[SUPPLIED DATA — start]

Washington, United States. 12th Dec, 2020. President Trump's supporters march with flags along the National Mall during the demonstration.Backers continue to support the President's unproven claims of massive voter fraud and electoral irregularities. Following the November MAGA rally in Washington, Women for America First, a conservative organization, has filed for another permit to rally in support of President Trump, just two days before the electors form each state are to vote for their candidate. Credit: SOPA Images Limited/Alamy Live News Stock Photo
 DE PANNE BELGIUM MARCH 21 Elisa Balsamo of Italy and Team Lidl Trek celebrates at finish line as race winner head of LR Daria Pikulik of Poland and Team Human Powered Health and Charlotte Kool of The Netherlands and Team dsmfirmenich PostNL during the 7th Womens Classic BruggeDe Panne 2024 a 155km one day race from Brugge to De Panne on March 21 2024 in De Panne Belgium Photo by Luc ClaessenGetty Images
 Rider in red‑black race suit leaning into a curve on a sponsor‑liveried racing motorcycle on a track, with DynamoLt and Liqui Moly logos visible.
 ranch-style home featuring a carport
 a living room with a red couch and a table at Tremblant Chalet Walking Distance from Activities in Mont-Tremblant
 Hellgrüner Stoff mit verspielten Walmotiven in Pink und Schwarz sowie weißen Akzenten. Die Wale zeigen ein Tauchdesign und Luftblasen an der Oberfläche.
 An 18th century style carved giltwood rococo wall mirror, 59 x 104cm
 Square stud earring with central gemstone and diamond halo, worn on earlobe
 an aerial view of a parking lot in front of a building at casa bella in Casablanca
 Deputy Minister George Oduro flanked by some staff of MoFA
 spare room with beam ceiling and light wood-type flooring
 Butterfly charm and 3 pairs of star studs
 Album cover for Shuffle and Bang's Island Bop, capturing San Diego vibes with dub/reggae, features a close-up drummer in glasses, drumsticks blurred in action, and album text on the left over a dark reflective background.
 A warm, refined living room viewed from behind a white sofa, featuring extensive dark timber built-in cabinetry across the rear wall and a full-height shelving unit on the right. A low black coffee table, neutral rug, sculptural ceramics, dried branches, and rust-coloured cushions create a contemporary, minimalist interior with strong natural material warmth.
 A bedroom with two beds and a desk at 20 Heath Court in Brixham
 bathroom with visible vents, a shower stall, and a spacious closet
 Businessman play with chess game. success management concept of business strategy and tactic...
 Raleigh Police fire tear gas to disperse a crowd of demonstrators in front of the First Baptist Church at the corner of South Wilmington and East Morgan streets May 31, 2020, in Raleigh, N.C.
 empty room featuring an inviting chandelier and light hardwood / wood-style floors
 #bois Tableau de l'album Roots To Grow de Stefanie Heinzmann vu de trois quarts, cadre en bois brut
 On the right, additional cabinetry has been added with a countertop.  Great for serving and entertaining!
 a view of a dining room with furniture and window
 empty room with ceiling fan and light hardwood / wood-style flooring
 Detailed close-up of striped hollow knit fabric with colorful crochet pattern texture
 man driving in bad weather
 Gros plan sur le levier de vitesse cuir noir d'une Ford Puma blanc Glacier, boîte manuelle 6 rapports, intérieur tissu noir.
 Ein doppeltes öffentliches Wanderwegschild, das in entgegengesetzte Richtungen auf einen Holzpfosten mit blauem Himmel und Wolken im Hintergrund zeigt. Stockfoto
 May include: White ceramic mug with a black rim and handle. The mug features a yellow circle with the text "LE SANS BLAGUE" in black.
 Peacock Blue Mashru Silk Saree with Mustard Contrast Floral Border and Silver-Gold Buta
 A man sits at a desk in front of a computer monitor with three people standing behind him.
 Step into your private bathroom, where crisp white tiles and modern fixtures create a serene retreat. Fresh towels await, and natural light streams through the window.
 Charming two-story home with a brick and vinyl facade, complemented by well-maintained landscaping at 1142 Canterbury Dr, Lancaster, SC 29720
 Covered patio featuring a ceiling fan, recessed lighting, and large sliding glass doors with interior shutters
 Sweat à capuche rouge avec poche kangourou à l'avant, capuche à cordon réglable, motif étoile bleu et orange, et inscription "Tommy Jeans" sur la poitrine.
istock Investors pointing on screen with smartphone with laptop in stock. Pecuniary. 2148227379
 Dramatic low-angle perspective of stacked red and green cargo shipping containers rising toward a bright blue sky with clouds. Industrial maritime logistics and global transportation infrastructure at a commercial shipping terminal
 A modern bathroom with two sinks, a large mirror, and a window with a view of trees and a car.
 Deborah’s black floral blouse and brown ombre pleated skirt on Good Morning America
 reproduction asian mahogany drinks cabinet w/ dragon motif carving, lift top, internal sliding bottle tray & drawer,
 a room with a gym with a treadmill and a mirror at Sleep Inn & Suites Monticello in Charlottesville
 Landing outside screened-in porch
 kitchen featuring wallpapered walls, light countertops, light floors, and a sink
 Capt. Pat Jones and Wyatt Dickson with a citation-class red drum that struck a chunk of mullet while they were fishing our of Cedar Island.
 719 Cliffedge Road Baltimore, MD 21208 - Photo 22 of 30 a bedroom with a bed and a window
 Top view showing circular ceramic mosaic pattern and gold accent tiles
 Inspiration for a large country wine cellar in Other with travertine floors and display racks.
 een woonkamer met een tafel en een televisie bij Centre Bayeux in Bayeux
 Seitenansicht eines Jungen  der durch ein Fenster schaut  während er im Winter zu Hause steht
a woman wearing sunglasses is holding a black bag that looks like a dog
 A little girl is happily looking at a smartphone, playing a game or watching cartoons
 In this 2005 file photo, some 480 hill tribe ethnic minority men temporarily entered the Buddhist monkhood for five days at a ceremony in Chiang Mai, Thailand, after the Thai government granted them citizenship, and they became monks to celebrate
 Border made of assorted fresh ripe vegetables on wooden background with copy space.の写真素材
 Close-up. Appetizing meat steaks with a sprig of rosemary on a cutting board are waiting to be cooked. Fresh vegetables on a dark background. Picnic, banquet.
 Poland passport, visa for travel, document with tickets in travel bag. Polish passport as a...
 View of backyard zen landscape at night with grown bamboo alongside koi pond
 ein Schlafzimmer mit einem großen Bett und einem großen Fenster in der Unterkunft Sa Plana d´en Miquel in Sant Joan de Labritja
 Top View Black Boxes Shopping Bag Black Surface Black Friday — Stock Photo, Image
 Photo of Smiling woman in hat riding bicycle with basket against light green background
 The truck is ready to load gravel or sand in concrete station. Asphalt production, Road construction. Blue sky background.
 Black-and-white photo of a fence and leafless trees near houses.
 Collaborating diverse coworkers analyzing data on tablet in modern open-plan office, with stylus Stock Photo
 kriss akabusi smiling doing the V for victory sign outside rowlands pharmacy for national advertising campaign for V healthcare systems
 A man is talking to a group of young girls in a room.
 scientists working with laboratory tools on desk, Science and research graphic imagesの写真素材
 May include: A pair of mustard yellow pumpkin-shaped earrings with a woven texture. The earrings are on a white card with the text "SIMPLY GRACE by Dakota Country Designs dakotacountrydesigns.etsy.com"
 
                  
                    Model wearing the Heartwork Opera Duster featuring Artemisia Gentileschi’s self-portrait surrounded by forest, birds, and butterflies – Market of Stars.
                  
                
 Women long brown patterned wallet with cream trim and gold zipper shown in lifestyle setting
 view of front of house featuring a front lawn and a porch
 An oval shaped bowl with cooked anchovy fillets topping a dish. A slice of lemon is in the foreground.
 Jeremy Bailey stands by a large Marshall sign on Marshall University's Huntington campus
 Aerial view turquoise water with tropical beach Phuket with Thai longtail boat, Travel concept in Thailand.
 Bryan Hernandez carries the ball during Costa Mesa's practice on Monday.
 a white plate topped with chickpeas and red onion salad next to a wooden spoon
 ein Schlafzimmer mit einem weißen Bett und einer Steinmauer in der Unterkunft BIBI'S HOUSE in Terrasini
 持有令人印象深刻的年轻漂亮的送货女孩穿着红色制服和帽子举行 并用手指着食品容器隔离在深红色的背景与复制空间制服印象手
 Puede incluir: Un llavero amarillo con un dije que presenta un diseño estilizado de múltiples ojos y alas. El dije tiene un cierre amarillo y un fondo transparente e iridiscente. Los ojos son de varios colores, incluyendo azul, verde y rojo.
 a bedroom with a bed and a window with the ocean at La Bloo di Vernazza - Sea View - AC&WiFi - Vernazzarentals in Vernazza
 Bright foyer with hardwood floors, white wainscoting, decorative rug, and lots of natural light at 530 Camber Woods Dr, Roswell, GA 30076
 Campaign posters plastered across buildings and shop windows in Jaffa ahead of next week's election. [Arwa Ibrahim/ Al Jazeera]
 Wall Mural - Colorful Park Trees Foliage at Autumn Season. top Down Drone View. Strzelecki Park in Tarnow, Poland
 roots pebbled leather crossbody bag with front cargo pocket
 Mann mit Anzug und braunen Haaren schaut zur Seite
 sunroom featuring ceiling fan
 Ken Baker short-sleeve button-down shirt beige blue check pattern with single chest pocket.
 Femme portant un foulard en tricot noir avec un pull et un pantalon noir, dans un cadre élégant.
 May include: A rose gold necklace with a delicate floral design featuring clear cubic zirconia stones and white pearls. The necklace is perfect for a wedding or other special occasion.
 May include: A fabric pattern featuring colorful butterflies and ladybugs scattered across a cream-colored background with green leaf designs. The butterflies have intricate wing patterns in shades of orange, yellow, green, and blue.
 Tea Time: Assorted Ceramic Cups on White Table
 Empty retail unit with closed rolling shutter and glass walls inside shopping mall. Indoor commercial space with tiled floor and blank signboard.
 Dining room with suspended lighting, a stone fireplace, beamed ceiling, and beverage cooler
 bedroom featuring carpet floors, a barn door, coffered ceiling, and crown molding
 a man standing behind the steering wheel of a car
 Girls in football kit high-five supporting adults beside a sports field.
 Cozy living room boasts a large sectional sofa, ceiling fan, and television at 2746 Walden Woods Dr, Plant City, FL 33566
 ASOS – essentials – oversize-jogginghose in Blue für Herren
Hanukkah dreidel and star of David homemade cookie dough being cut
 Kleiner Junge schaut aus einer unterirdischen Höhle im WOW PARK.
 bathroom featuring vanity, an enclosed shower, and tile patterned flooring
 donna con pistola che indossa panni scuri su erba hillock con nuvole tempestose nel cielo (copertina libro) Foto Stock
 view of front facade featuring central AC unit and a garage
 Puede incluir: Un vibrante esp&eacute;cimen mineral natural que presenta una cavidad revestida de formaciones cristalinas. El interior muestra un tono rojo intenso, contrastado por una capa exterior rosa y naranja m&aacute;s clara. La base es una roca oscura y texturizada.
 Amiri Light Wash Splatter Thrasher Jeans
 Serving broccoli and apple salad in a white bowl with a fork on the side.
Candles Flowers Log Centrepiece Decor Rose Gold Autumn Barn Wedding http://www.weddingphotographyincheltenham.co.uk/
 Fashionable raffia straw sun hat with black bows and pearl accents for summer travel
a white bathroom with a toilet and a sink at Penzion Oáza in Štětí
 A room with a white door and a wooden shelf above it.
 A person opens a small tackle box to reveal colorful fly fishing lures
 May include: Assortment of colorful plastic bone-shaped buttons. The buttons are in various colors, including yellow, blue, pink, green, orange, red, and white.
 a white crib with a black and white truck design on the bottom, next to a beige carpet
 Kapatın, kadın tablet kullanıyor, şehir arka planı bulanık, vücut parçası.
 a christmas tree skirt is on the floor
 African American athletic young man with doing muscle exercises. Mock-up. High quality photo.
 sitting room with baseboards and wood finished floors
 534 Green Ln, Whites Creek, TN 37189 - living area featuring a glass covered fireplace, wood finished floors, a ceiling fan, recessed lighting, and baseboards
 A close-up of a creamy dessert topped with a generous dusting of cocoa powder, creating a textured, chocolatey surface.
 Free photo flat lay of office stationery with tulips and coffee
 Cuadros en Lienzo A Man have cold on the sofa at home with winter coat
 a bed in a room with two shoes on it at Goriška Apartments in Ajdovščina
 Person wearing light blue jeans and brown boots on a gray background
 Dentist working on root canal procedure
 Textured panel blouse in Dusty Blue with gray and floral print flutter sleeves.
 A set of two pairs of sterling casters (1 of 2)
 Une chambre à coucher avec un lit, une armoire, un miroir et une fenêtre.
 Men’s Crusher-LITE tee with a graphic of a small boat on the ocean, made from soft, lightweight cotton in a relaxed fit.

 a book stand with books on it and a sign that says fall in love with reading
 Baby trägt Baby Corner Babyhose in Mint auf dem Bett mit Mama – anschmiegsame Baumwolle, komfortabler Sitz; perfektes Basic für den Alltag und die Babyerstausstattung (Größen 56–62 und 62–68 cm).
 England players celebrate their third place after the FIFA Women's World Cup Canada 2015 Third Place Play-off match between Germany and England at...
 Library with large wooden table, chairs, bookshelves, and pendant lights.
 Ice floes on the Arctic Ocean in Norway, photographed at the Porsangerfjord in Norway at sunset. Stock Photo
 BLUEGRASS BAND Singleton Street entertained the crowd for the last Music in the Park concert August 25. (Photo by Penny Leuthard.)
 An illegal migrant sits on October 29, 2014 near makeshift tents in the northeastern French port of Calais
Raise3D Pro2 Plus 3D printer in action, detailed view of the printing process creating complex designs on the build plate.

[SUPPLIED DATA — finish]

• **YOUR OBJECTIVE**: Could you set down, word for word, only the lines above from the line with "scientists working with" to the line with "持有令人印象深刻的年轻漂亮的", including both?

• **TASK ANSWER**:
 scientists working with laboratory tools on desk, Science and research graphic imagesの写真素材
 May include: A pair of mustard yellow pumpkin-shaped earrings with a woven texture. The earrings are on a white card with the text "SIMPLY GRACE by Dakota Country Designs dakotacountrydesigns.etsy.com"
 
                  
                    Model wearing the Heartwork Opera Duster featuring Artemisia Gentileschi’s self-portrait surrounded by forest, birds, and butterflies – Market of Stars.
                  
                
 Women long brown patterned wallet with cream trim and gold zipper shown in lifestyle setting
 view of front of house featuring a front lawn and a porch
 An oval shaped bowl with cooked anchovy fillets topping a dish. A slice of lemon is in the foreground.
 Jeremy Bailey stands by a large Marshall sign on Marshall University's Huntington campus
 Aerial view turquoise water with tropical beach Phuket with Thai longtail boat, Travel concept in Thailand.
 Bryan Hernandez carries the ball during Costa Mesa's practice on Monday.
 a white plate topped with chickpeas and red onion salad next to a wooden spoon
 ein Schlafzimmer mit einem weißen Bett und einer Steinmauer in der Unterkunft BIBI'S HOUSE in Terrasini
 持有令人印象深刻的年轻漂亮的送货女孩穿着红色制服和帽子举行 并用手指着食品容器隔离在深红色的背景与复制空间制服印象手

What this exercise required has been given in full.